One extension usually has multiple versions. The version identifiers don't need to be numeric. It doesn't understand the concept that version 2 might be newer than version 1. So rather than upgrading, you are merely transitioning between versions. You can think of this like a directed graph. Each node is a version and each edge is an update path. You can also chain paths if there is no direct route. In the example to the right, there is no direct path from β → γ but you can go β → δ → γ. Below you can see all the permutations listed from the database.

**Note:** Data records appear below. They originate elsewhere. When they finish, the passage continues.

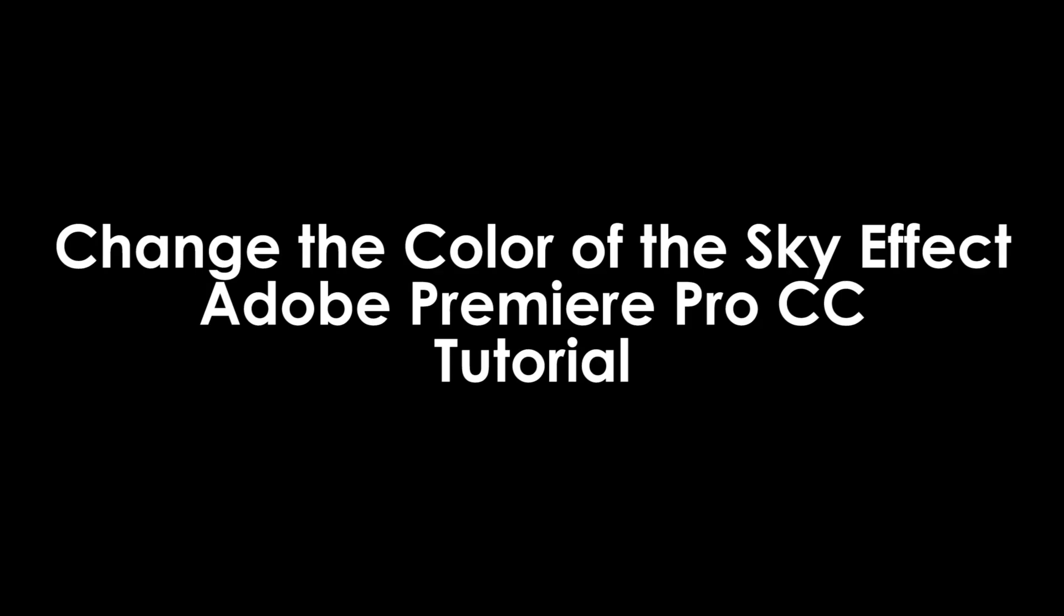What is up guys, I'm Julius, and today I'll go over how you can change the color of the sky in Adobe Premiere Pro CC 2019.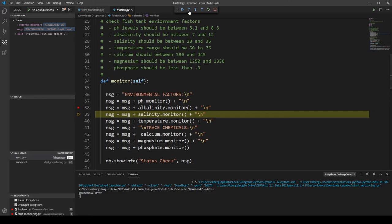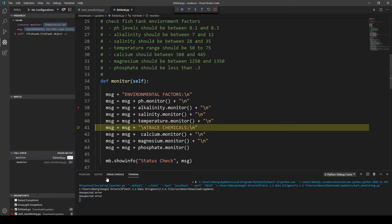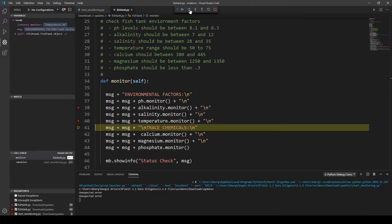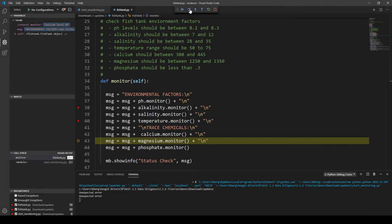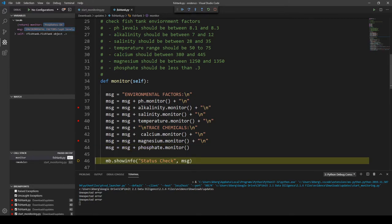We're on salinity now, so click Step Over — no error message. Temperature gives us another error message, so we set a breakpoint for temperature. Trace chemicals is just a message, so skip over that. Calcium — no error. Magnesium — we did get our last error message, so we set our last breakpoint at the magnesium line. Phosphate — no error message, which is what we would expect.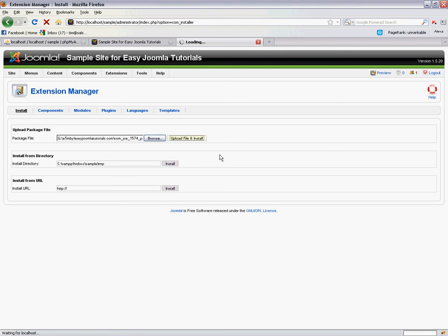Even though I'm running this version of Joomla on my localhost, this is still going to take a moment to unzip that file, make some database changes, and basically install the editor into the system.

example=# SELECT * FROM pg_extension_update_paths('myext') ORDER BY source,target;
 source | target |    path  
--------+--------+------------
 α      | β      | α--β
 α      | γ      | α--δ--γ
 α      | δ      | α--δ
 β      | α      | β--δ--γ--α
 β      | γ      | β--δ--γ
 β      | δ      | β--δ
 γ      | α      | γ--α
 γ      | β      | γ--β
 γ      | δ      | γ--α--δ
 δ      | α      | δ--γ--α
 δ      | β      | δ--γ--β
 δ      | γ      | δ--γ
(12 rows)
There is also a special source called 'unpackaged' that you can use to take an existing schema and put it into an extension. It is simply a script that takes every object in your database and adds it to your extension. This way you don't have to do a big migration to get your schema working out of an extension.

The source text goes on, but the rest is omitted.